### Provided material

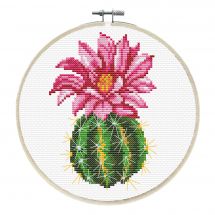 Kit per ricamo a punto croce con tamburo - Ladybird - Cactus rosa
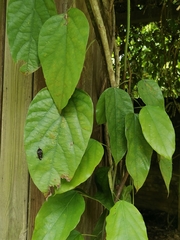 Tinomiscium petiolare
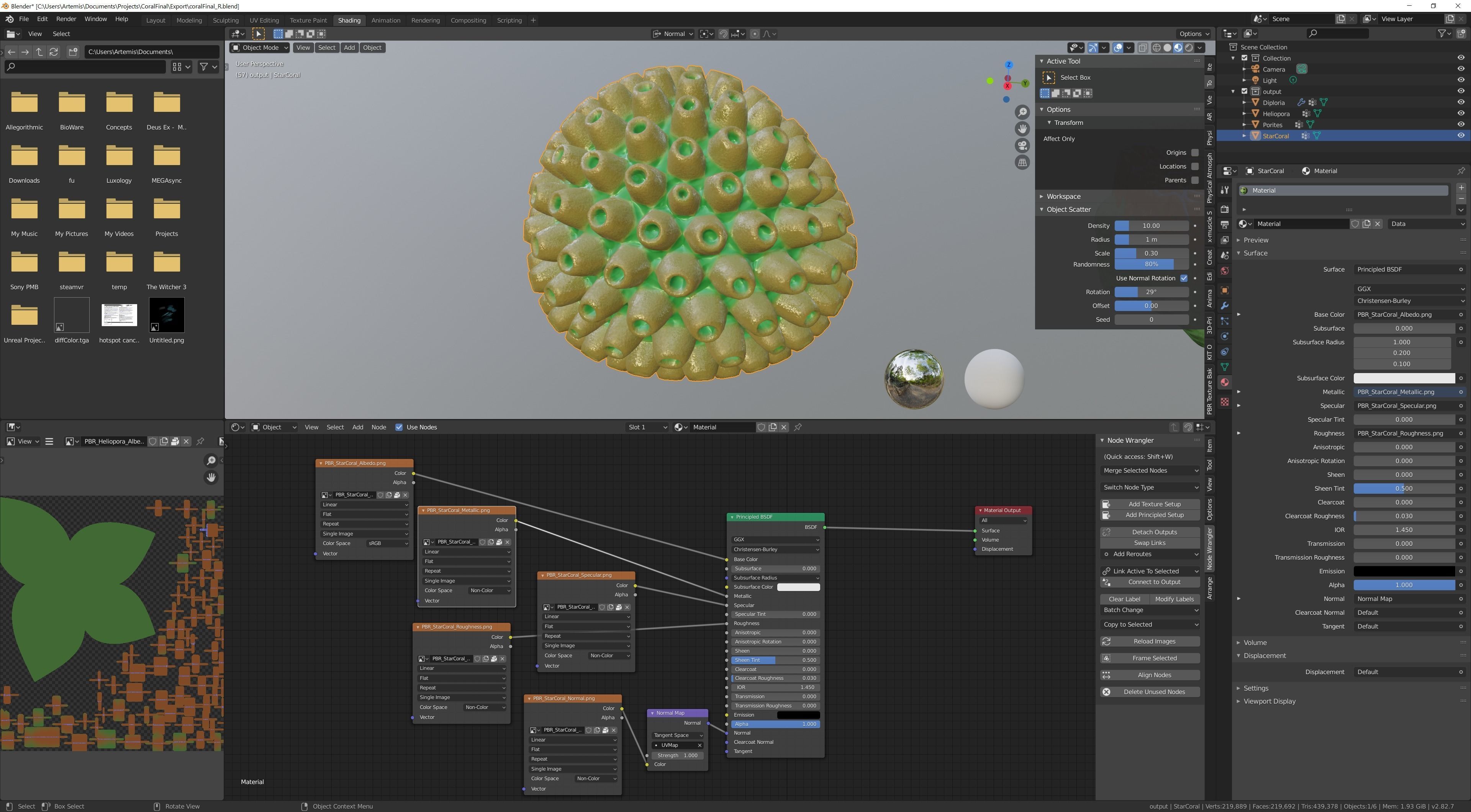 Coral Types 3D model_13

######

**Exercise description:** Restate the entire listing word for word, excluding pictures.

**Answer for this exercise:**
 Kit per ricamo a punto croce con tamburo - Ladybird - Cactus rosa
 Tinomiscium petiolare
 Coral Types 3D model_13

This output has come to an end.